Its byte location is R13a, size of one byte.
Its word location is R13a, size of two bytes, hi byte being R13b and lo byte being R13a.
Its double word location is R13a, using up four(4) bytes in memory R13a, R13b, R13c, R13d.
Sorry, me being condescending, I'm bad. We'll get this figured out.
Lets look at word register R156 for another example, located in memory somewhere between 0020 and 03ff.
Lets use word direct addressing, and load a word using opcode ^A0.
program counter is removed, since it is irrelevant.
This is also pseudo code from my head, you get the idea.
Code: Select all
a0, 56, 58 ldw R56, R58 R58 = R56 // EVEN addressing = Bank0, A0=0
Code: Select all
a0, 57, 58 ldw R156, R58 R58 = R156 // ODD addressing = Bank1, A0=1
R156 means register 0x0056 in Bank1
Bank0 R156 does not equal Bank1 R56.
I called Ford, and they responded with the following:
Since we are disassembling here, we need to do the reverse.Word direct addressing references uses A0 to select a RAM bank pair.

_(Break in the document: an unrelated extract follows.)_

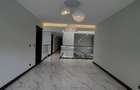5 Bed House with En Suite in Nyari - 3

During ASSEMBLY of the source code, this number appropriately sets bit A0 in the reference address at the machine code level(e.g.,^100 at source code converts to a reference address in the machine code).
I am 100% positive SAD is not taking account for ^A0 being odd or even to select the correct bank pair for word direct addressing.
Also, looking at SAD, the dissembler source code, should hint to where the problem is.
We cannot assume that SAD is perfect, it has bugs, this is one of them.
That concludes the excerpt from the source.